The leading candidates ahead of Canada's April 28 election fanned out on the first full day of campaigning in a vote certain to be dominated by Trump.
Liberal leader and Prime Minister Mark Carney, who replaced Justin Trudeau earlier this month, was in the eastern province of Newfoundland, saying Canadians needed to view the United States as "a friendship lost."
Trump's return, while potentially devastating for Canada's economy, appears to have boosted the Liberals, with several polls showing them as a slight favorite, a stunning turnaround from early January when the Conservatives looked headed for a landslide.
Poilievre built significant support as a relentless critic of an unpopular Trudeau government, but Trump's return and Trudeau's departure have forced the Conservatives to pivot.
Flanked by his wife and two young children at a packaging plant outside Toronto, Poilievre fought back against perceptions that Carney was the better counter to Trump.
"There's a reason why Donald Trump wants the weak, out of touch Liberals in power. They have handed him control of our economy," Poilievre said, an apparent references to Trump's recent comment that he would "rather deal with a liberal" in Canada.
"I know that people are scared, they feel threatened... and now they are facing these unjustified threats from President Trump who quite frankly needs to knock it off," Poilievre said.
He pledged tax cuts to boost the economy so Canada can "confront Donald Trump and the Americans from a position of strength."
Political analysts have argued that to win Poilievre may need to re-center the campaign on non-Trump issues that made the Liberals vulnerable after a decade in power, like soaring housing costs.
But given Trump's primacy in Canadian politics, Poilievre has increasingly taken aim at the president.
For Conservative supporter Valerie Orr, 81, Trump's dominance in the campaign is unhelpful.
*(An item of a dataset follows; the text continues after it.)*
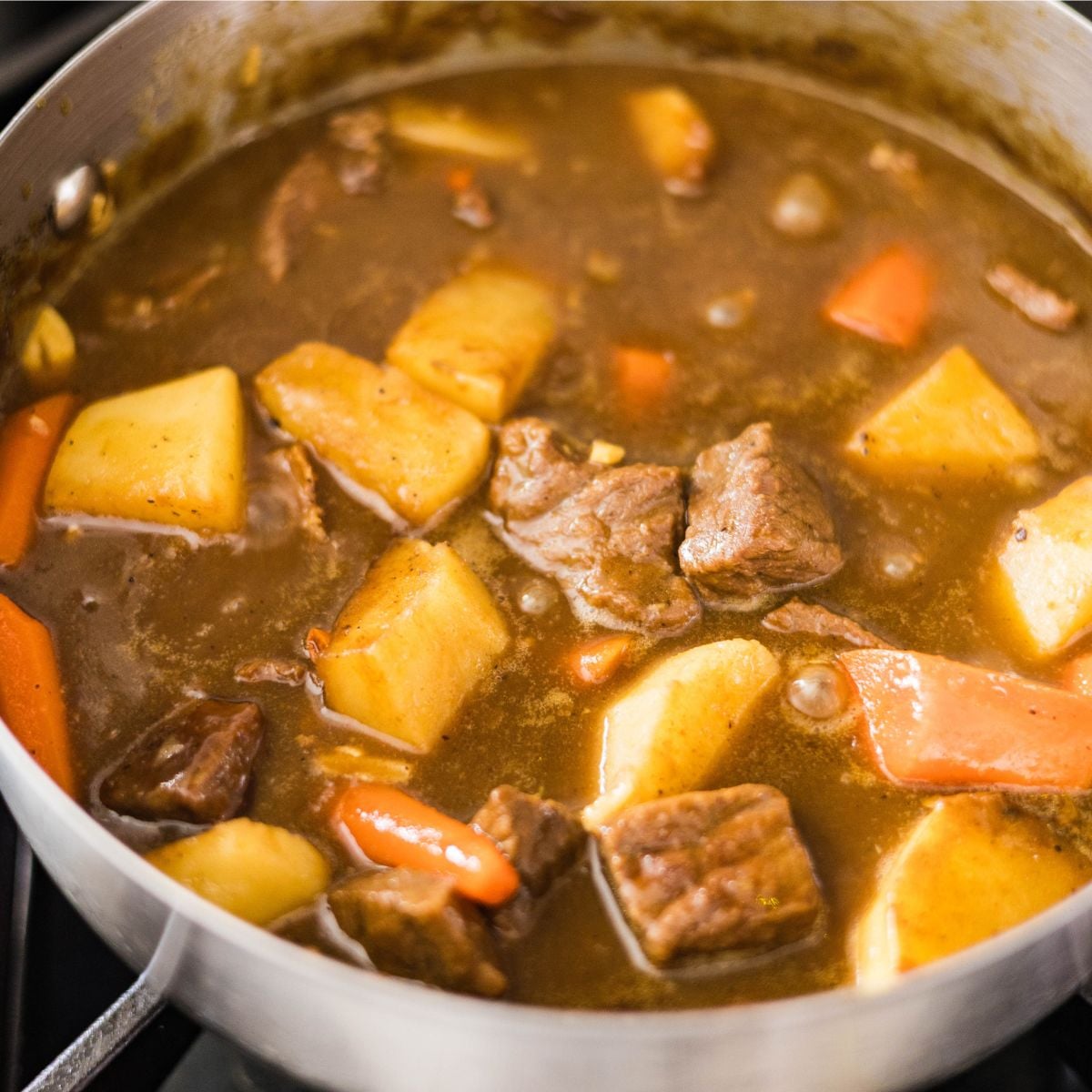 Japanese beef curry simmering with beef chunks, potatoes, and carrots in a pot.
"This threat from the south has diverted too much attention," she told AFP in a parking lot outside the Poilievre event.
"Who ever heard of a state the size of Canada... Come on, be real," she said, praising the Conservative leader for focusing on the challenges people face trying to "make it through the week."
- Friendship 'lost,' 'strained' -
Carney, who previously led the central banks in Canada and England, has tried to position himself as a departure from Trudeau and a seasoned economic crisis manager.
He spoke on Monday in Gander, a town that sheltered thousands of Americans whose trans-Atlantic flights were abruptly forced to land there after the September 11 attacks.
"Canadians did extraordinary things for Americans when they needed it. Now, we need to do extraordinary things for ourselves," he said.
"In this crisis caused by the US president and those who are enabling him, we lament a friendship lost, or at least a friendship strained," he added.
Trump has threatened, withdrawn and imposed a dizzying array of tariffs on Canadian goods, with more levies expected next week, triggering a trade war economists say could plunge Canada into a recession.
His tariffs and repeated threats to turn Canada into the 51st US state, combined with Trudeau's departure have upended Canadian politics.
On January 6, the day Trudeau announced his plans to leave office, the Liberals held 20.1 percent support with the Conservatives at 44.2 percent, according to aggregated polling data from the public broadcaster CBC.
On Monday, the Liberals were at 37.8 percent and the Tories stood at 37.2.
The data shows the Carney-led Liberals have eaten into support for the left-wing New Democrats, who progressives may not trust to take on Trump.